Thomson Reuters is today launching the latest version of its Calais web service and open API, Calais 4.0. Calais is a toolkit of products that enables publishers to incorporate semantic functionality within their properties – enabling them to categorize content as people, places, companies, facts, events, and more. Calais 4.0 is perhaps the most significant version since the launch of Calais one year ago, because it enables publishers to connect to the Linked Data web standard that Sir Tim-Berners Lee and others in the Semantic Web community have been promoting over the past few years.
Up till now, we have yet to see much commercial activity in Linked Data – developments have been largely confined to the academic and scientific communities. So we think Calais 4.0 represents an important move forward in the commercial Semantic Web – and we expect to see some big media companies using it before long.
Specifically, Calais 4.0 goes beyond metatagging and enables publishers to integrate their content with Linked Data assets from Wikipedia, GeoNames, the Internet Movie Database (IMDB), Shopping.com and others.
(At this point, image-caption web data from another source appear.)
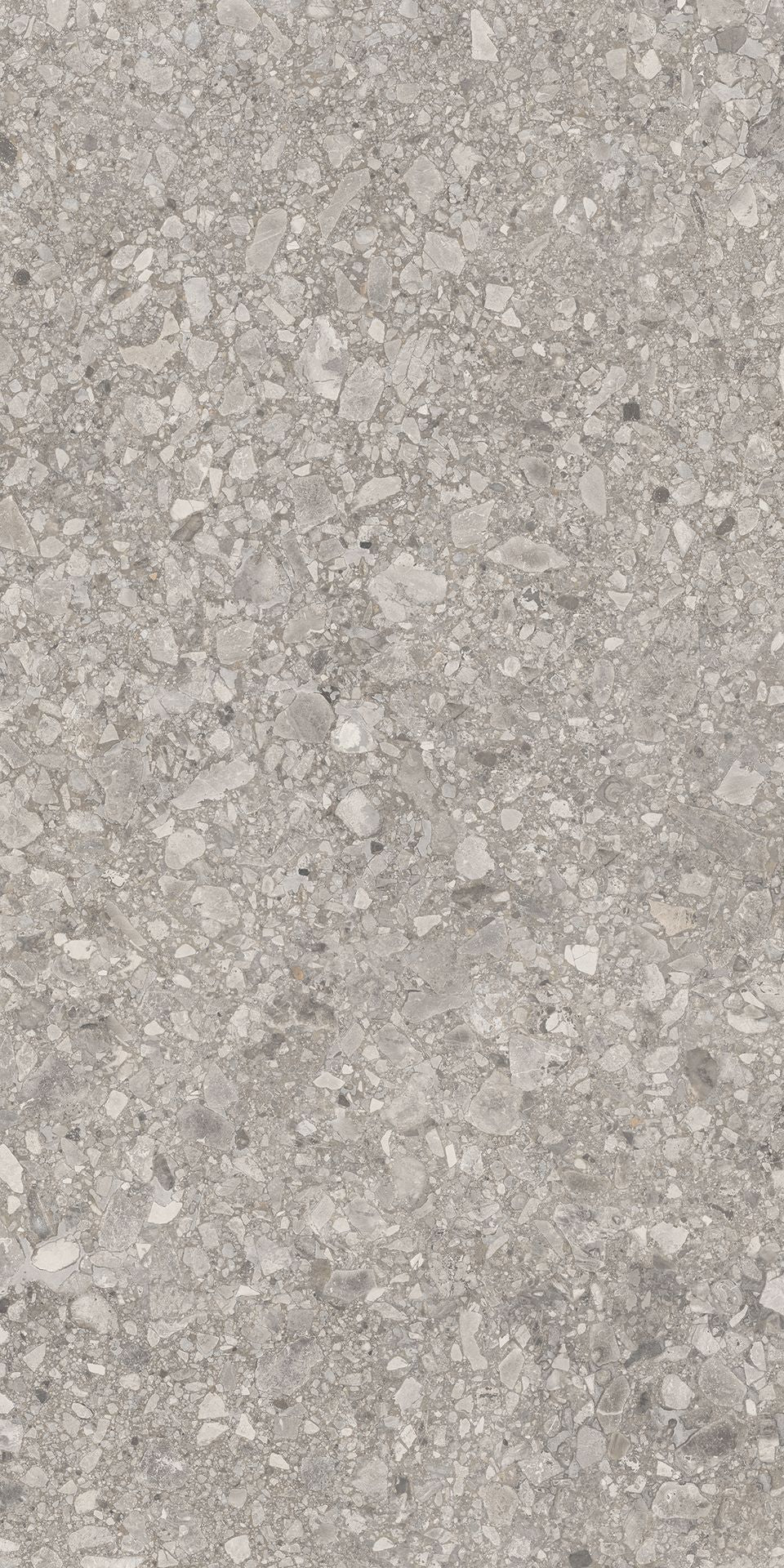 1200*600 Tegza Grey Matt (2,1.44)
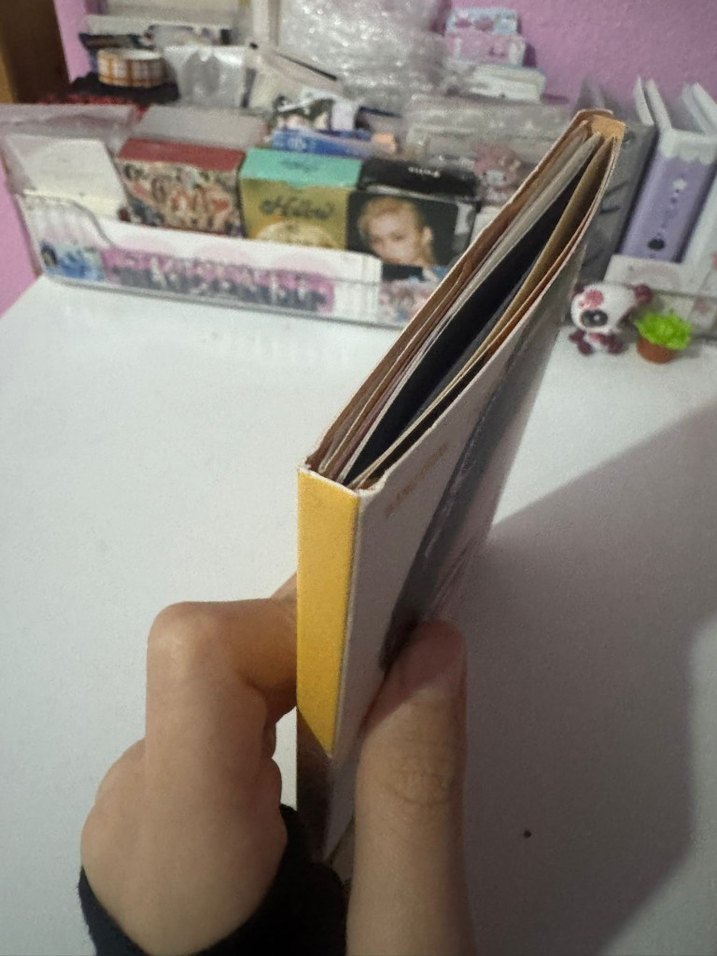 karma felix Accordion albüm - Görsel 3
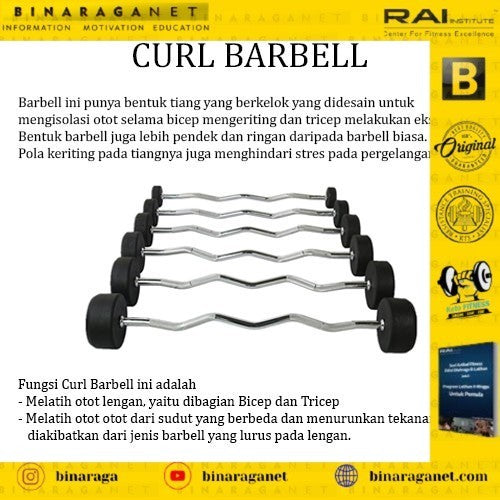 EZ Curl Barbell Sterling Set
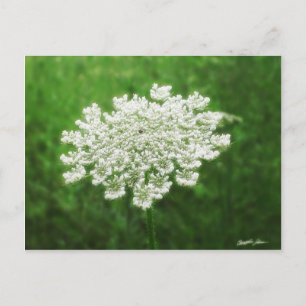 Carte Postale Dentelle 1 de la reine Anne (carotte sauvage)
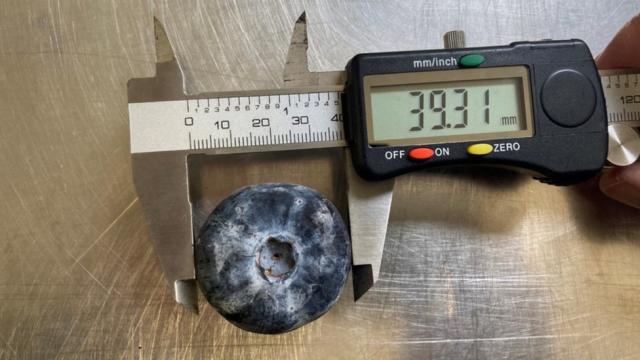 Afinele cultivate în Australia doboară recordul Guinness ca fiind cele mai grele din lume. Fructul cântărește 20,4 g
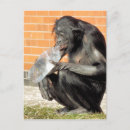 Recherche de chimpanzee cartes postales Chimpanzé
Calais 4.0 also lets publishers share semantic metadata about their content with “content consumers” such as search engines, news aggregators, related stories recommendation services and more.
ReadWriteWeb named Calais as one of our top 10 Semantic Web Apps of 2008, due to the progress it made last year. Since launching the Open Calais API early in 2008, over 9,000 developers have registered with it and Calais has processed 200+ million articles.
What’s New in 4.0
We spoke with Thomas Tague, Calais lead at Thomson Reuters, about what specifically is new with Calais 4.0 and what use cases we might see over the coming year for it.
Tague explained to ReadWriteWeb that there are 3 pillers to the Calais initiative:
1. Getting semantic data out of text; which is what the first 3 versions of Calais focused on.
2. Connecting that semantic data to the linked data world.
3. Providing some way for people to share metadata, for example syndicating it – which Tague termed the “transport” piller.
Calais 4.0, explained Tague, fills in the final 2 of those pillers. It supports approximately 25 entity types in Linked Data – URIs are de-referencable to Calais RDF pages. Thomson Reuters is also publishing their ontology in RDFS. Calais will contribute data too, which Thomson Reuters claims is “the first contribution to the Linked Data cloud made by a major publisher.” The data that Thomson Reuters is giving to the Linked Data world includes company descriptions, stock tickers, management teams and more. This data will be available to external developers to programmatically use in their apps.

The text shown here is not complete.